Los tres personajes que aparecen en la primera fotografía son Curro Cózar Guillén, Juan Moreno Vidal y José Matías. Se encuentran en el bar Palomino, nombre que le viene de la bodega Palomino y Vergara. Era el bar de los cazadores por excelencia. De los tres almanaques que vemos, uno de Cruzcampo, los otros dos son de cartuchos de cacería.
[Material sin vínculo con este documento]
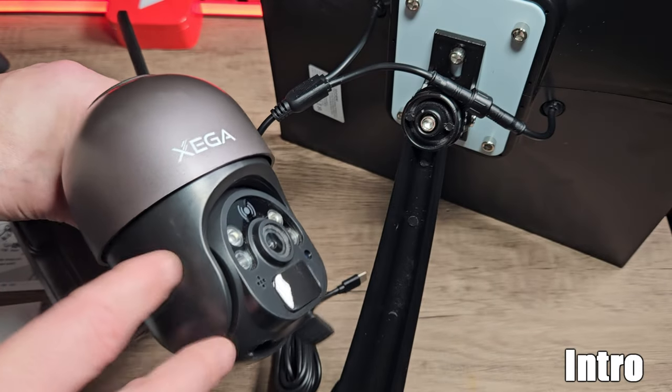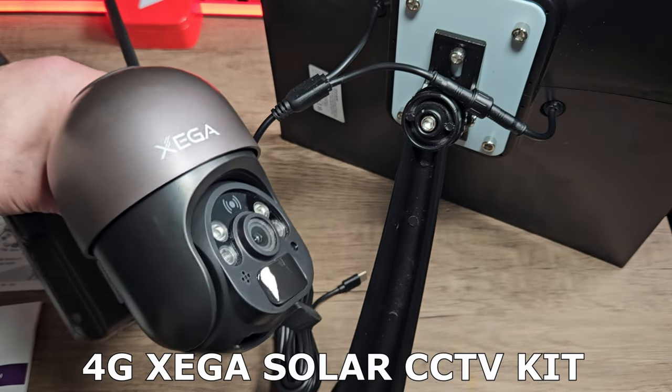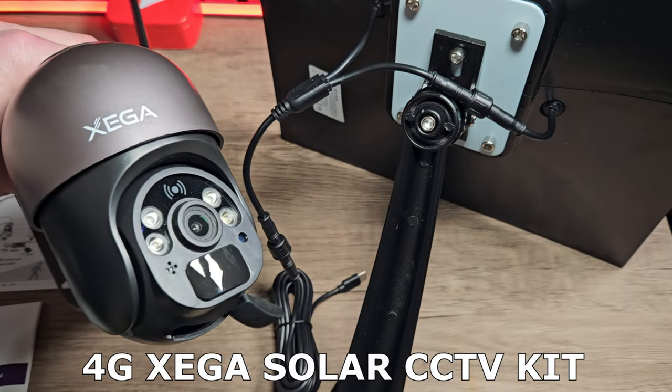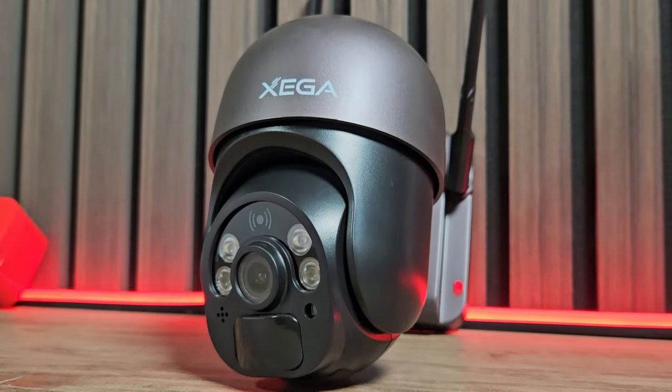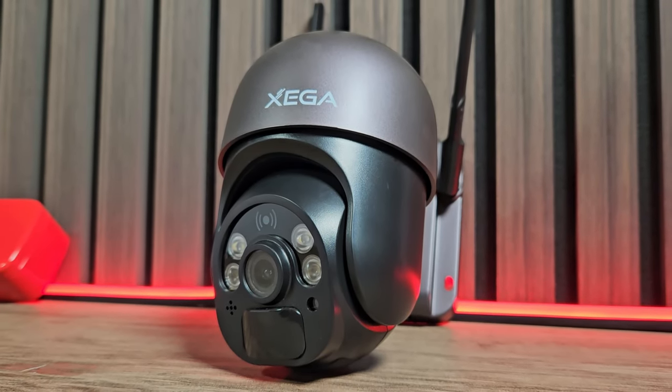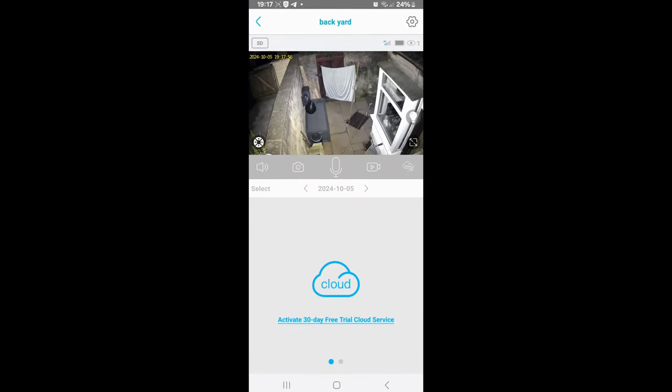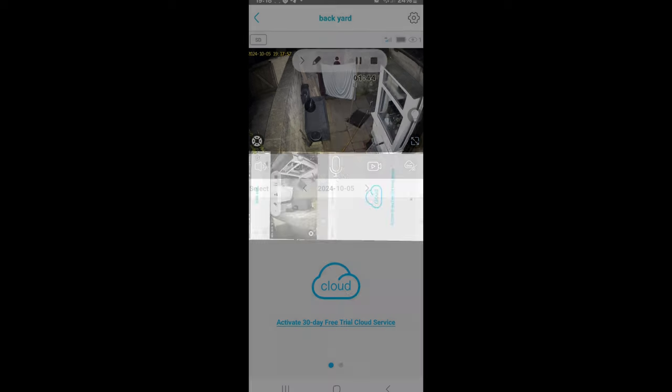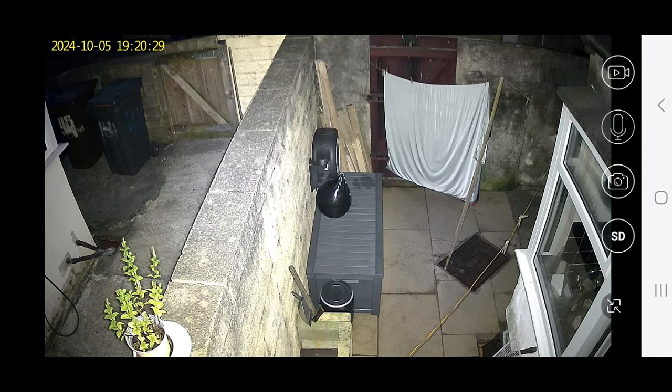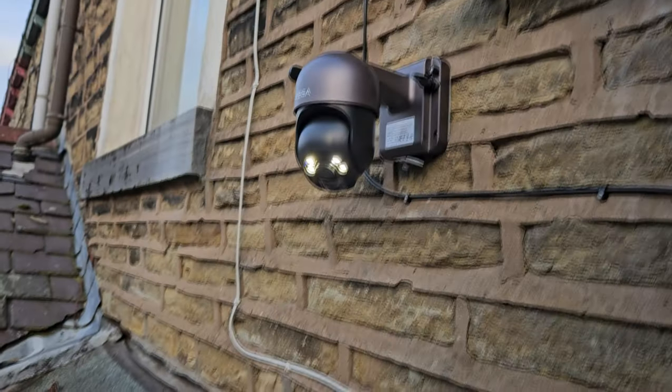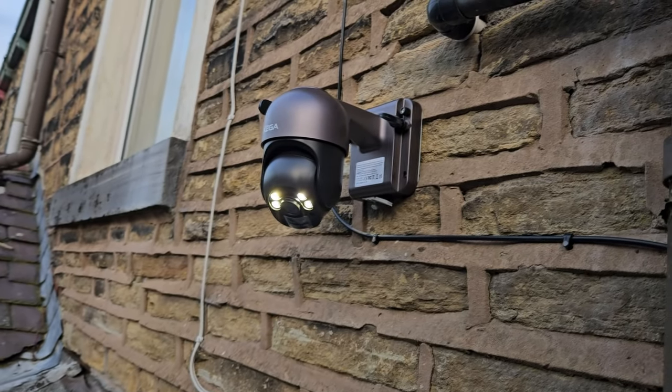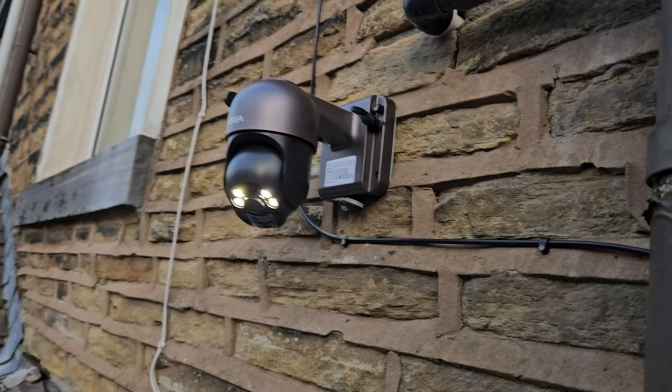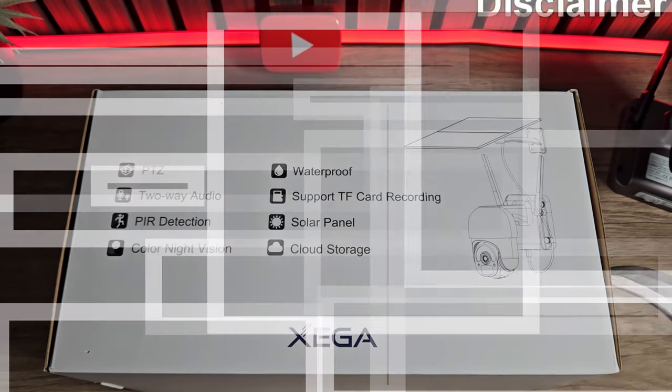In today's video we're taking a look at the 4G Zega solar CCTV kit. I like this for several reasons, mainly that it's a solar powered unit, it has 4G connectivity, a free application, night vision, pan tilt zoom, two-way audio and much more. We'll take a look at all of the features in this video.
"El bar se abrió en el año 1960. Este establecimiento era muy pequeñito, alrededor de 10 ó 12 metros cuadrados. La barra era pequeña. A la izquierda estaban los barriles de vino, y en el fondo pequeñas repisas donde se colocaban las botellas de los diferentes licores, que como se observa en la fotografía, existía un dominio aplastante del anís. Para enfriar las bebidas se utilizaba una especie de nevera que se rellenaba con hielo. Contaba con 2 ó 3 mesas redondas, del tipo tijera, que se ponían en la puerta los días de sol. La clientela estaba formada mayoritariamente por cazadores. Allí se reunían para comentar anécdotas de caza, contar alguna que otra "mentirijilla" y hablar de las hazañas de sus perros. El bar no solo era el centro de socialización, sino también a veces funcionaba como un polvorín, fabricando cartuchos de caza. Todos colaboraban. Unos recogían los restos de plomo que en ocasiones procedían de sobrantes de las instalaciones de agua; otros los llevaban a Jerez o a San Fernando para convertirlos en la munición; otros recogían la pólvora y el detonador; otros los cartuchos vacíos ya utilizados para volverlos a usar y la mayoría colaboraba en el mismo bar en el proceso de recarga, con materiales muy rudimentarios. Cuando los cartuchos de cartón se mojaban, se llevaban al horno de una panadería para secarlos, convirtiéndose el cartucho por efecto del calor, en un auténtico misil. Las personas que desconocían el ambiente del bar se sorprendían, a veces, al pasar por la puerta y "oir" tantos disparos y "ver" como los cazadores "disparaban a las piezas". Fue el lugar donde ocurrió alquel incidente que sirvió para el estribillo más famoso de nuestra carnaval. Aquello de: "Trincamo “ar” gallino que está en Palomino..." 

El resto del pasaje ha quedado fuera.